▶ _Available data_
--------------------
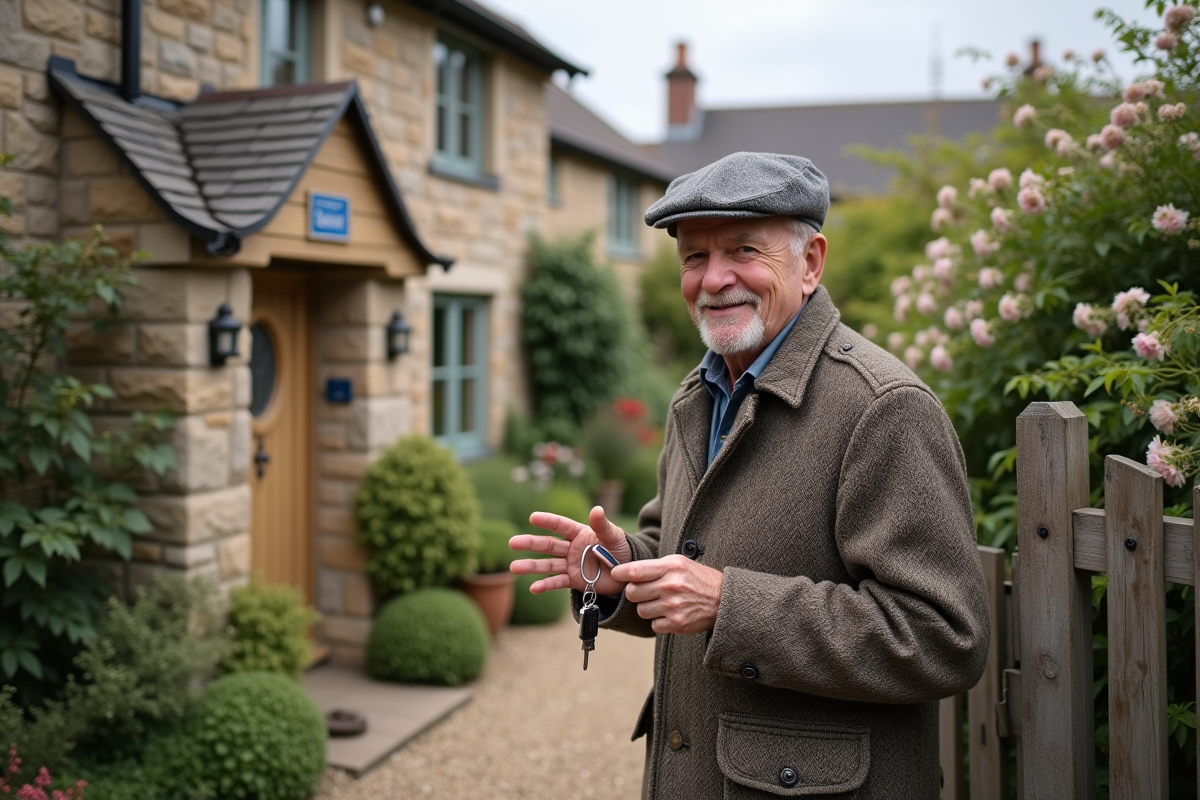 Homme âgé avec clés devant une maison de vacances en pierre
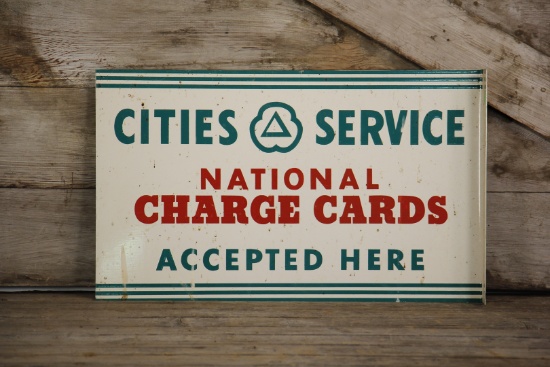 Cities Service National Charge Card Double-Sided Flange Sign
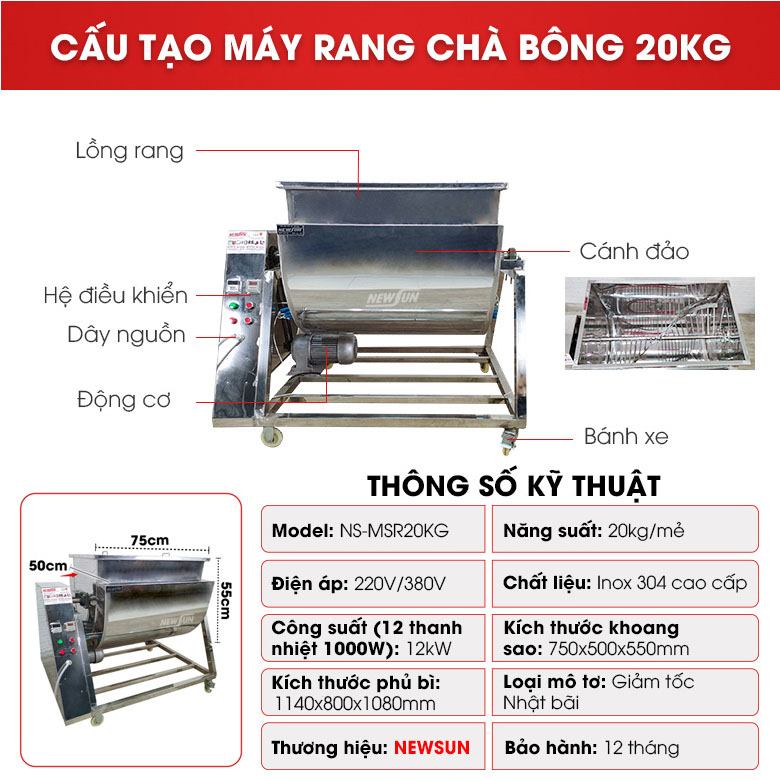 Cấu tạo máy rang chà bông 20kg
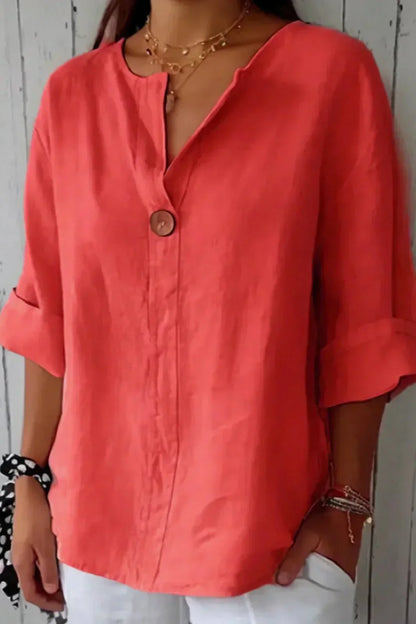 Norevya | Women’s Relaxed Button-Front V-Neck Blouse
--------------------
▶ _Exercise requirements_
What is needed is an exact restatement of the lines from the line with "Cấu tạo máy rang chà bông 20kg" through the final line of the data, pictures excluded.

▶ _Written answer_
 Cấu tạo máy rang chà bông 20kg
 Norevya | Women’s Relaxed Button-Front V-Neck Blouse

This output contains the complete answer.